Mother was of course living with us and coped bravely with the difficulties
of adaptation. At the time of her arrival she was about 50, but never uttered
a word of complaint about the problems we had plenty of.
The British Mandate ended on May 15, 1948: the British High Commissioner sailed off
from Port Haifa, and all symbols of the British rule were removed from the Jewish
regions of the country. Since this day was Shabbat, the Supreme Committee of the
Yishuv convened on Friday, May 14, and its Secretary, David Ben-Gurion
solemnly declared the establishment of a Jewish State, to be called Medinat Yisrael
(State of Israel, as the homeland of the Jewish people, in accordance with the resolution
of November 29, 1947. At the same session the committee, which became Israel’s
temporary government, ordered the general mobilization of all young men (at that stage
only volunteering women joined the army), to ward off the imminent attack by the five
neighboring Arab states: Egypt, Iraq, Lebanon, Syria and Transjordan (presently Jordan).
I was enlisted that same day, even though I was the sole provider for a senior newcomer,
a breast-feeding mother, and a little baby. As a locksmith I was posted to a maintenance
workshop for heavy weapons. I was sent to attend a special course (the first one
of its kind in the new Israeli army, which I finished as its Number One pupil. I received
my first assignment, with the rank of Sergeant Major, to head a maintenance team for all
artillery at the Northern front. I lived through fierce battles with the Syrian Army and
the so called Arab Liberation Army, which had intruded into Galilee from Lebanon, until
they were pushed out of the whole region as far as the International Lebanese border.
The young Israeli Army, Tzahal (IDF), pushed back the mighty Egyptian Army
plus Jordan’s Arab Legion, together with the remnants of the Iraqi units until
a cease-fire was reached in spring 1949. At this stage I was named instructor
in the new specialty, Gun Fitter, and later, as civilian employee, foreman in the central
maintenance workshop for heavy weapons of the Ordnance Corps.
Alisa was growing and her development caused much joy for us as well as for her
devoted Grandmother.

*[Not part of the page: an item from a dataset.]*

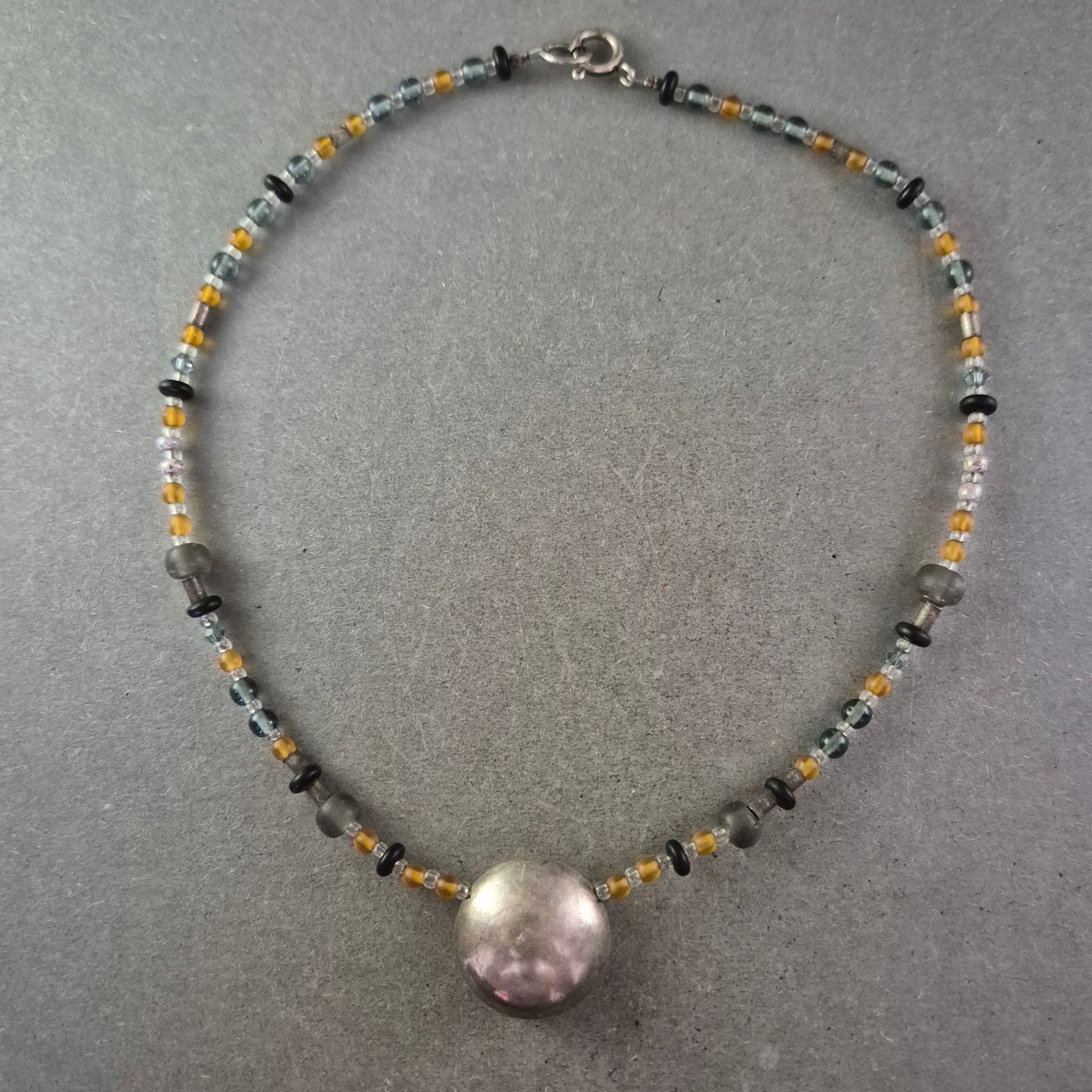 Künstlerische Glasperlen Halskette mit Metallanhänger – Farbspiel & Struktur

In 1949 Mother married Emil Grossman, a kind, honest and
industrious widower who had lost his former family in the Holcaust. He was a
locksmith and part-owner (with his brothers) of a prosperous workshop in Ramat
Gan. Mother and Emil lived together happily for about 30 years, in full harmony
and mutual understanding. Emil always acted like a natural father, father-in-law,
and grandfather.
In the fall of 1958 I was appointed manager of the biggest factory of electric
and solar water heaters in Israel. I managed to raise the factory’s productivity
and to improve product quality significantly. For years I was member of the national
committee for standardizing the quality requirements of this widely used domestic
appliance—a committee affiliated with the Israeli Office of Standards
and Specifications.
On the eve of the Six-Day War, the French president, General de Gaulle, imposed
a weapons embargo on Israel. The Israeli Air Force needed spare parts for its
French-made fighter planes and French government refused to supply them. Thereupon,
a Monsieur Shidlowski, the owner of the jet engine plant Turbomeca, rushed
to the rescue by establishing Manoei Beit Shemes, (Beit Shmesh Engines)

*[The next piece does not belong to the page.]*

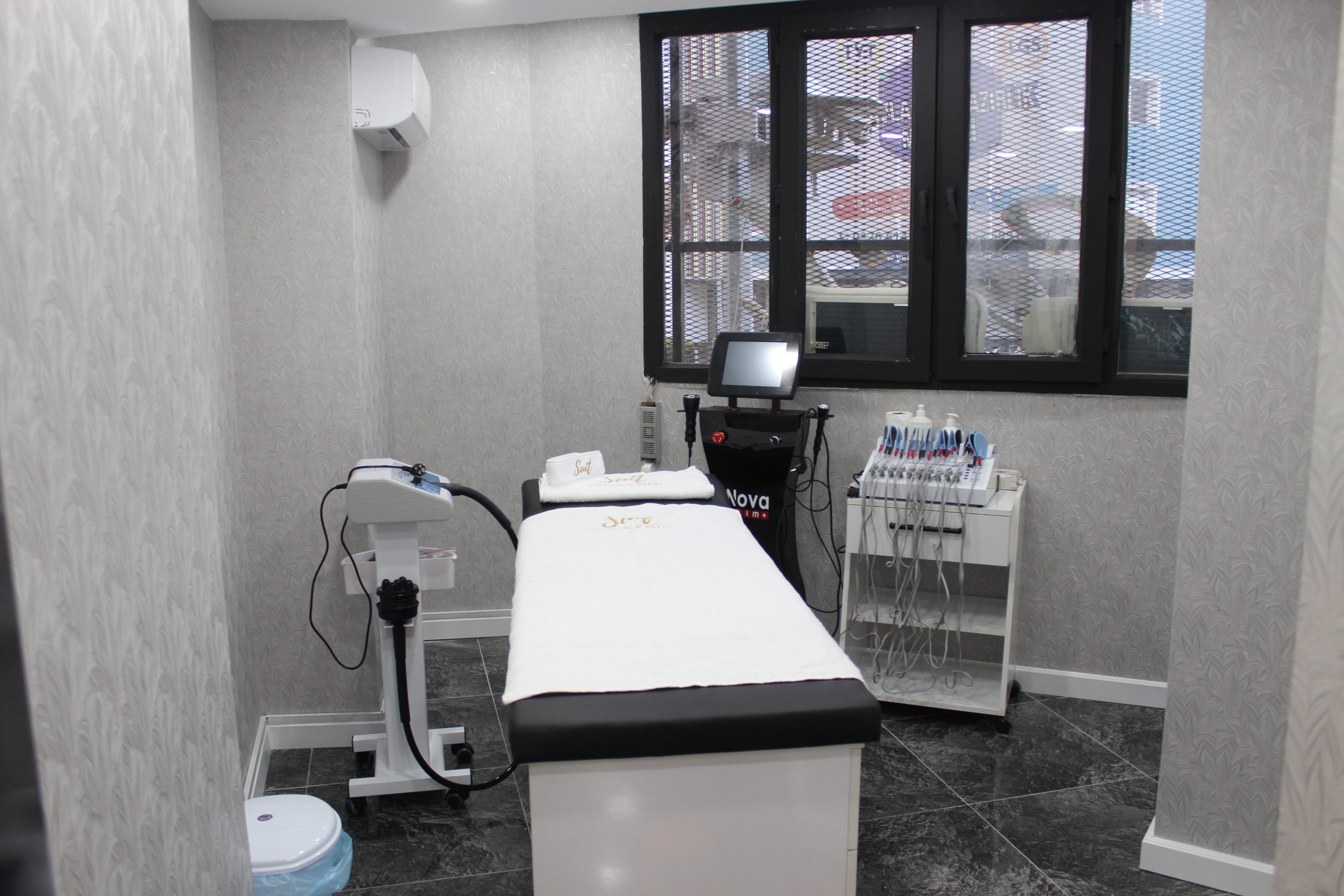 Suit G&uuml;zellik Merkezi Hizmetinizde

as an affiliate plant in Israel. A crew of engineers and technicians spent several
months in the main factory in France learning the special aeronautic technology
required for manufacturing these jet engines.
I liked the idea of this revolutionary activity and offered my services to the
new management. Taking into account my former experience as an instructor in the Army,
I was hired and assigned to establish and manage a technological Training Center for
specialists needed by the new affiliate plant. I assembled a crew of excellent craftsmen,
and our school became a model for all similar “Continuing-Education Centers”
in the country. Israel’s Minister of Labor visited our Center and was more
than satisfied with, in his words, “the pride of the ministry.”
Around the time when the first group of trained specialists were ready for their
final tests, Mr. Shidlowski arrived with an entourage of French plant managers
and supervisors for the opening ceremony of his new plant on January 1, 1969.
The guests visited our Center and Monsieur Shidlowski was overwhelmed by its
efficient organization and by the high professional standard of the trainees.
As a reward he invited me to visit the mother plant and training center in
France as his personal guest I made that visit with Haya in the spring of 1969.
The wonderful Mediterranean cruise by itself was an unforgettable experience.
Monsieur Shidlowski welcomed us most cordially at his residence in Bordes, a small
town near Pau in the Southwest of France. The next day, he showed us his near-by
training center. (I had the feeling that he was showing off just a little bit.)
Another day he sent his limousine to fetch me for a sightseeing tour in his two-engine
plane. We flew over the whole area as far as the Atlantic shore. I also spent several
days in the plant itself, enjoying technological innovations I had not known before.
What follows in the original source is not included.